Questo fiore, comunque, non è più pensato per essere accessorio di abbellimento della calzatura, ma parte profonda di essa. Il modello qui presentato è composto da una suola verde (una grande esperta - la stessa delle Princess Charming n. 2/Marlene - mi ha detto che "chi si abbiglia di verde si fida della sua bellezza" - era in rima ma non me lo ricordo); su questa suola, con plateau di 1, 5 cm e tacco a pilastro, sono applicate (e da essa dipartono) le stringhe "naturali" che permettono al sandalo di essere indossato. Una rilettura del sandalo "da schiava", completamente verde però. Una calzatura da indossare quando si vuole essere quasi nude; o almeno, quando non si vuole farsi percepire come del tutto vestite. Insomma, per quando si vuole sedurre con innocenza.

mercoledì 27 giugno 2012

Princess Charming n. 15 - Liz



Questo pezzo della serie lo chiamo solo "Liz", perché di Liz ce n'era una sola. Parlo di Liz Taylor, naturalmente. La diva, scomparsa da poco più di un anno, è ricordata da queste scarpe dal colore viola come i suoi occhi, e dal tono chiaramente primaverile e floreale dell'intera creazione. 
Liz è una scarpa dal tacco a spillo e punta leggermente angolata; la forma complessiva della calzata è irregolare. L'intera calzatura vuole ricordare il ciclo della vita che fiorisce, partendo da un piccolo bottone (rilettura del concetto di bocciolo) dal colore leggermente più chiaro dei fiori di stoffa, fino a far sbocciare, quasi con uno story board o una serie di fotogrammi alla moviola, la bellezza naturale. 
Un lato della scarpa è più alto e forato, in modo da ottenere una sorta di nastro - o linea temporale - sul quale posizionare i fiori. 
Una calzatura per ricordare una delle più mitiche attrici del nostro tempo, per ricordare che la bellezza resta sempre nella memoria. Una scarpa che, su richiesta della potenziale proprietaria, può essere realizzata in diversi colori, come la primavera di ogni donna può e deve essere virata in infinite tonalità.

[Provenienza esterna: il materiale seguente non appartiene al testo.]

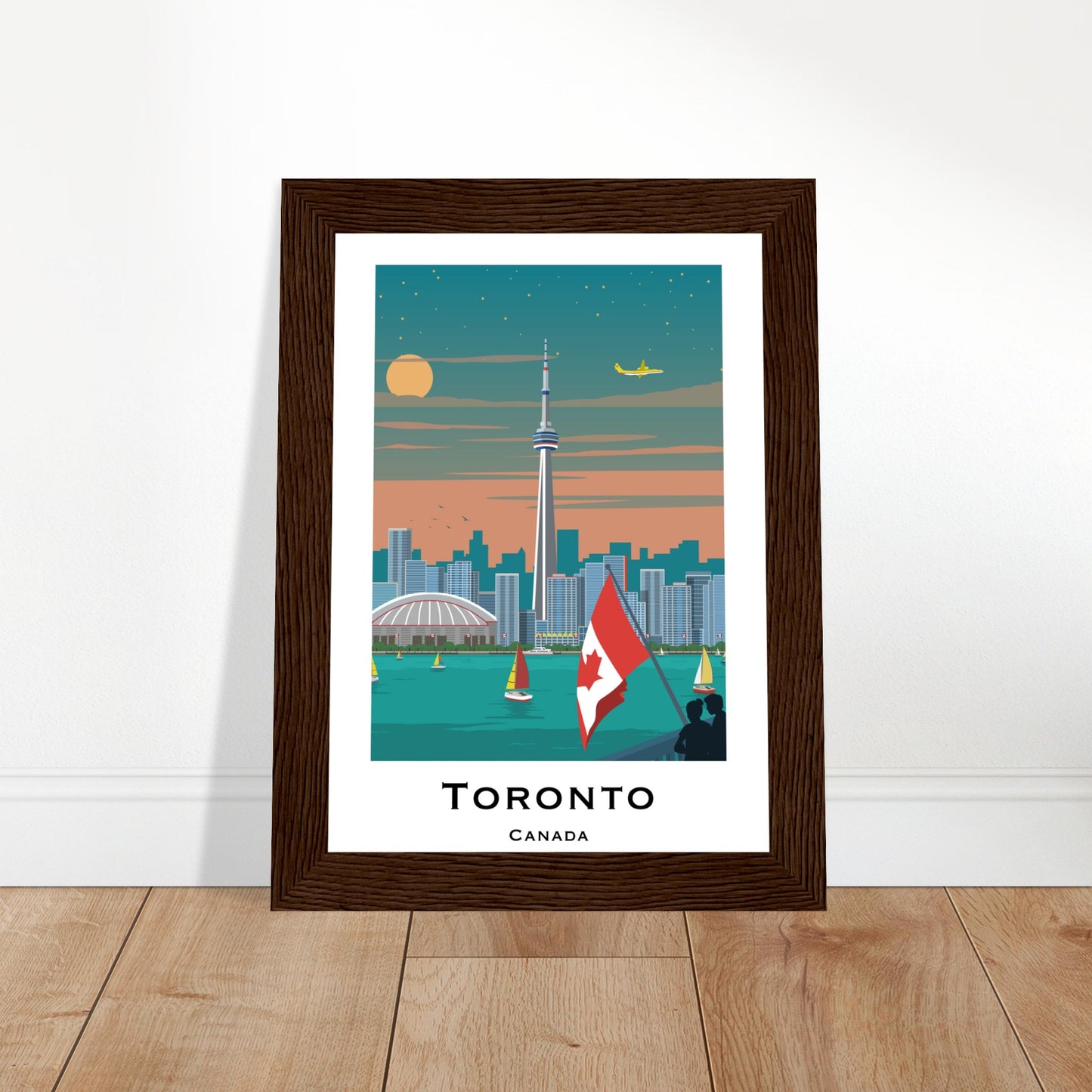 Toronto, Canada - CN Tower Skyline Poster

Princess Charming n. 14 - Sydne Rome



Dedico la Princess Charming n. 14 a Sydne Rome, deliziosa attrice del cinema italiano degli anni '70 e '80. Oggi purtroppo Sydne Rome si è fatta devastare dalla chirurgia plastica, ma non importa; per me rimane sempre la carinissima attrice di Che?, di 40 gradi all'ombra del lenzuolo, di Baby Sitter - un maledetto pasticcio. Dolce e colorata come una caramella, Sydne Rome ha ispirato l'omonima calzatura, in vernice rossa e con tacco a rocchetto. Le due ali frontali si incrociano sulla punta, virando i propri colori dal rosso scuro al carminio. A chiudere la fusione della scarpa, una fascetta - sempre in vernice - bianca dalle triature rosa. Come rosa sono la suola e il retro del tacco. Una "scarpa-lecca lecca", come esplicitamente confermato dalla presentazione grafica. Un omaggio a quella squisita ed ingenua ragazzina interpretata dalla Rome, entrata a pieno titolo nell'immaginario sexy degli italiani.